• Exercise description
Would you return, word for word, the lines of the data below from the line with "Singer Sewing Machine" through the line with "HERSHEY'S KISSES Milk", and no others?

[Short descriptive text snippets]
━━━━━━

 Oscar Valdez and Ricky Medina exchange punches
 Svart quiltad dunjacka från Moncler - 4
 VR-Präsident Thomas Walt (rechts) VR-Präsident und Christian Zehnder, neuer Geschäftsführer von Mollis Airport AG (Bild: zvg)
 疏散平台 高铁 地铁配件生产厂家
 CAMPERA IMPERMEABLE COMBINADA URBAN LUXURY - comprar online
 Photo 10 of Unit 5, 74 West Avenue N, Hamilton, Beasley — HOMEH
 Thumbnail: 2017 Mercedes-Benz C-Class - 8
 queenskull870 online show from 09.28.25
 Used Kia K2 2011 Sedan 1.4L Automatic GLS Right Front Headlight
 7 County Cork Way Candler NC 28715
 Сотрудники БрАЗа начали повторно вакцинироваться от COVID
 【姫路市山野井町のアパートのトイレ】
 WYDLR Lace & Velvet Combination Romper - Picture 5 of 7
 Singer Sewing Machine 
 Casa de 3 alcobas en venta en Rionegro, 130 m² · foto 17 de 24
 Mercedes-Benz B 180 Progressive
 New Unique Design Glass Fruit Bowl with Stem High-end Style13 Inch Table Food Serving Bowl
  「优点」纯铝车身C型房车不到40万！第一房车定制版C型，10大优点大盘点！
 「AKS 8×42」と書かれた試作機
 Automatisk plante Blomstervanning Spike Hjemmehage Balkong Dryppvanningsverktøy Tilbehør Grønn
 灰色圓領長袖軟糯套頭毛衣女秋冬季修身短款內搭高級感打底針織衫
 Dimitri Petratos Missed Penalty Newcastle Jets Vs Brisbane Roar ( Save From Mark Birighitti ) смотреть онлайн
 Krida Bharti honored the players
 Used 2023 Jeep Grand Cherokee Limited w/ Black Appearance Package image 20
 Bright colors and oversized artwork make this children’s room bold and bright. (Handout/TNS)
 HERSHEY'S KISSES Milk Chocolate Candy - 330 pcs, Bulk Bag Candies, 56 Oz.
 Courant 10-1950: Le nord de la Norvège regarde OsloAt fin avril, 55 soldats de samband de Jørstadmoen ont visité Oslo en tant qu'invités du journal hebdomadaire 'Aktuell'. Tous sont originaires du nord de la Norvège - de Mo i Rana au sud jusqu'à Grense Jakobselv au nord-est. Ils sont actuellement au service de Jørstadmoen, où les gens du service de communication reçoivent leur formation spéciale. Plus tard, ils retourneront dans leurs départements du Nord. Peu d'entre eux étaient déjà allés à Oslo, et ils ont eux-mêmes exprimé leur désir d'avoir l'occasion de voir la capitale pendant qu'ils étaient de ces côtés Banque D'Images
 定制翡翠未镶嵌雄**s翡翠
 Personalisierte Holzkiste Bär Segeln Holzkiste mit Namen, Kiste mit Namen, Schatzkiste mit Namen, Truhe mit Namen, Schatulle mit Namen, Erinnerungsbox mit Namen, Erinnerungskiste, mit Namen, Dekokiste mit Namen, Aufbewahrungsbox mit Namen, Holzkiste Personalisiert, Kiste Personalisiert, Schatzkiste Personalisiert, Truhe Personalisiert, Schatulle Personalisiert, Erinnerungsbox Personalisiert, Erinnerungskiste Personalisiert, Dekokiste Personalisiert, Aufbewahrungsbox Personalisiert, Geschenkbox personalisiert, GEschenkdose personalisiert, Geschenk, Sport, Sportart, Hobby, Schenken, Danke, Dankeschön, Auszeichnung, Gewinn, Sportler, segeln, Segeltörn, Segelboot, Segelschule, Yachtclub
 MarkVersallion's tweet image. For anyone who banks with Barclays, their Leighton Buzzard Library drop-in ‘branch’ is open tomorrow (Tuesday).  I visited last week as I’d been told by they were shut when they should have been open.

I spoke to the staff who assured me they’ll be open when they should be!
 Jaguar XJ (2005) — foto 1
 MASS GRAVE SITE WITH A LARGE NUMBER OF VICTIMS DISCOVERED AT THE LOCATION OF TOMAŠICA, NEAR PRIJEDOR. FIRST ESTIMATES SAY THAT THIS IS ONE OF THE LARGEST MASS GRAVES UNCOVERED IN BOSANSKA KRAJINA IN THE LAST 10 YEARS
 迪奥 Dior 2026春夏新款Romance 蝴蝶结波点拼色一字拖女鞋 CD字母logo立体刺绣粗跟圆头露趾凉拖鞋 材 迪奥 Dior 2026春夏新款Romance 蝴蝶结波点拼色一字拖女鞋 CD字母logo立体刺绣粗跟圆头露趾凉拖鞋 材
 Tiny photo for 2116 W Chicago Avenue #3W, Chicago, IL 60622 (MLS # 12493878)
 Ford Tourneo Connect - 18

━━━━━━

• Finished exercise
 Singer Sewing Machine 
 Casa de 3 alcobas en venta en Rionegro, 130 m² · foto 17 de 24
 Mercedes-Benz B 180 Progressive
 New Unique Design Glass Fruit Bowl with Stem High-end Style13 Inch Table Food Serving Bowl
  「优点」纯铝车身C型房车不到40万！第一房车定制版C型，10大优点大盘点！
 「AKS 8×42」と書かれた試作機
 Automatisk plante Blomstervanning Spike Hjemmehage Balkong Dryppvanningsverktøy Tilbehør Grønn
 灰色圓領長袖軟糯套頭毛衣女秋冬季修身短款內搭高級感打底針織衫
 Dimitri Petratos Missed Penalty Newcastle Jets Vs Brisbane Roar ( Save From Mark Birighitti ) смотреть онлайн
 Krida Bharti honored the players
 Used 2023 Jeep Grand Cherokee Limited w/ Black Appearance Package image 20
 Bright colors and oversized artwork make this children’s room bold and bright. (Handout/TNS)
 HERSHEY'S KISSES Milk Chocolate Candy - 330 pcs, Bulk Bag Candies, 56 Oz.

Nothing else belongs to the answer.